# Take your tort on the plane as an emotional support animal



## bryl (Jan 19, 2014)

Hi friends!
I've been asking around at Southwest Airlines to see if there is in fact a way to take a tort on the plane with you. Big news! You are allowed to take a "turtle" on the plane as an Emotional Support Animal. There are a few caveats- you have to be diagnosed with a mental or emotional disability recognized in the DSM, and you need your doctor to write you a note stating that they believe it would be helpful for you to have the animal with you on the plane.
Obviously this isn't applicable to everyone, but for those of you who do fit these criteria, I urge you to check it out! Southwest doesn't allow reptiles except for turtles as emotional support animals, and if your tort is turtle sized, well... I think it will work out 
Yay! 
B


----------



## wellington (Jan 19, 2014)

That's good for those who would need it. I just would not want to be ticket and tortoise in hand and then not let on


----------



## Tom (Jan 19, 2014)

It saddens me that we are forced to consider things like this because of other ridiculous policies that exist.


----------



## bryl (Jan 19, 2014)

wellington said:


> That's good for those who would need it. I just would not want to be ticket and tortoise in hand and then not let on



So true! According to the staff at my airport, if you have a doctors note they legally have to let you on. I think that the first few times I try it though, I will come a little early and have a friend wait till we get on the plane, so that just in case the airline doesn't let my tort on, someone can take him


----------



## T33's Torts (Jan 19, 2014)

Hmm... is there a such thing as a 100lb turtle?


----------



## leigti (Jan 19, 2014)

The only animal that is legally allowed according to the ADA, is a dog. Reptiles birds etc. do not count. The idea of emotional support animal, although sometimes legitimate, has turned into an easy way to cheat. It has turned into an excuse for anybody to take their animals with them at any time. This causes a problem for people with legitimate assistance animals such as guide dogs and properly trained assistance dogs. I understand the frustration of wanting to take your animal with you and not being able to, however, as a blind person I also strongly resent the fact that people cheat the system just to get what they want. Keep your tortoise or turtle at home. I transported legally. Don't cheat the system just because you want to have your pet with you, as much as I would also like that I know that I must follow the rules.


----------



## T33's Torts (Jan 19, 2014)

Wait, wait. How do you read the forum, being blind?


----------



## leigti (Jan 19, 2014)

My iPhone or computer read it for me. I'm sorry if I came across pretty strong in my reply, however I will be getting a guy dog soon and I have seen many problems caused by a so-called assistance or emotional support animals in public. Some are legitimate but most aren't. So it is a very touchy subject for those of us that have legitimate assistance animals. I love my little Russian tortoise, his name is Yurik. I would love to take him on a plane with me but I know that it is not the right thing to do.


----------



## Pokeymeg (Jan 19, 2014)

leigti said:


> My iPhone or computer read it for me. I'm sorry if I came across pretty strong in my reply, however I will be getting a guy dog soon and I have seen many problems caused by a so-called assistance or emotional support animals in public. Some are legitimate but most aren't. So it is a very touchy subject for those of us that have legitimate assistance animals. I love my little Russian tortoise, his name is Yurik. I would love to take him on a plane with me but I know that it is not the right thing to do.

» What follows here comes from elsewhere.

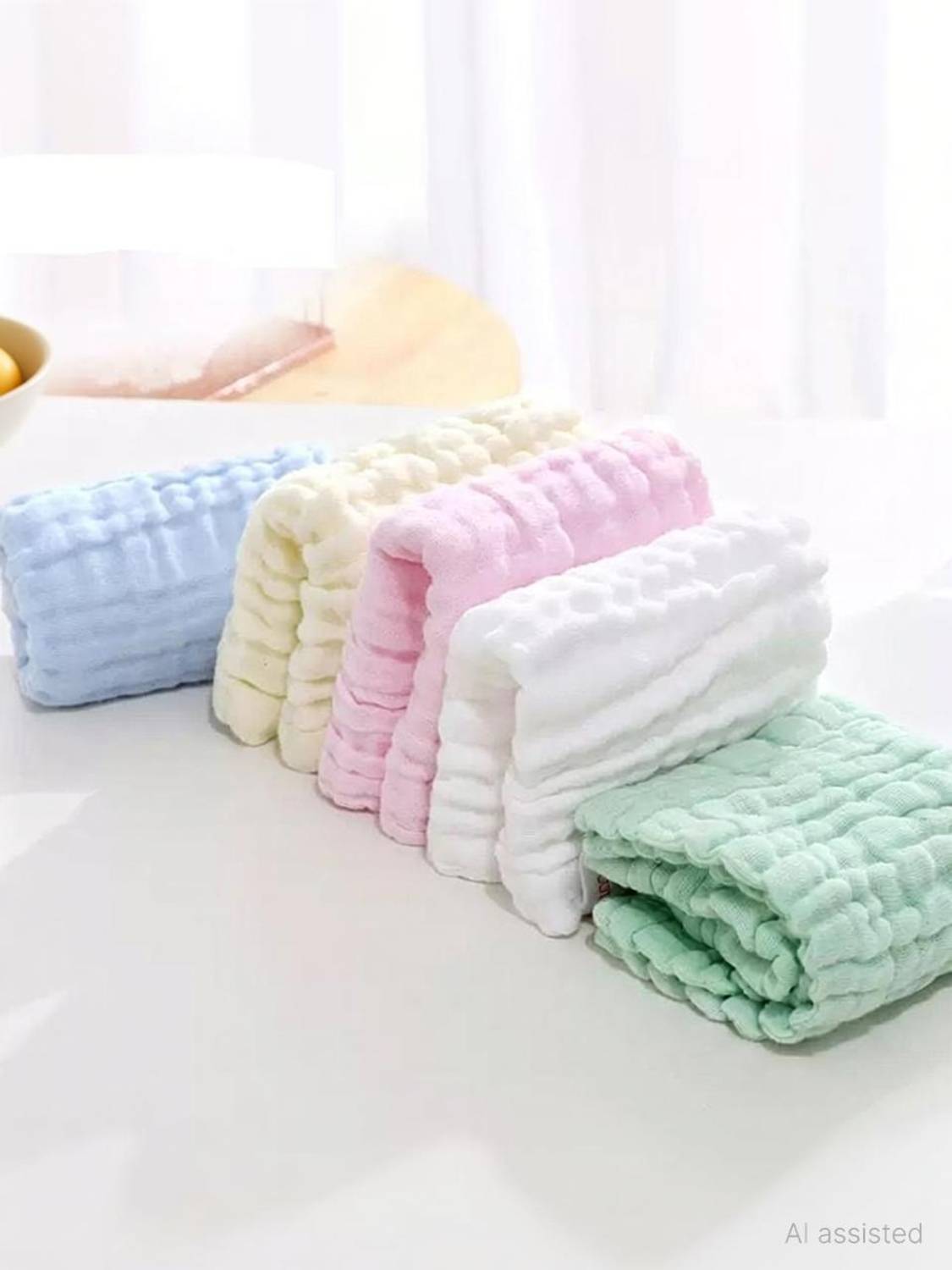 Babking Quick Dry Baby Face Towels Multicolor Cloth Napkins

First of all, that's incredible that technology can do that now! Second, I agree with you about cheating the system. I used to work at a grocery store, and all these ladies with pathetic little dogs (sorry, not a small dog lover) in their purses would claim they are assistance dogs - Yeah right! Without proof, we gladly asked them to leave.

As for taking a tortoise on a plane, why would you want to? I think that would be very stressful for a tortoise! I would not want to put my tortoise through that.  If someone really does need their turtle/tortoise as a comfort animal, I have no problem with that and I'm glad it's an option, but personally I wouldn't expose my tortoise to the stress.


----------



## StudentoftheReptile (Jan 19, 2014)

Tom said:


> It saddens me that we are forced to consider things like this because of other ridiculous policies that exist.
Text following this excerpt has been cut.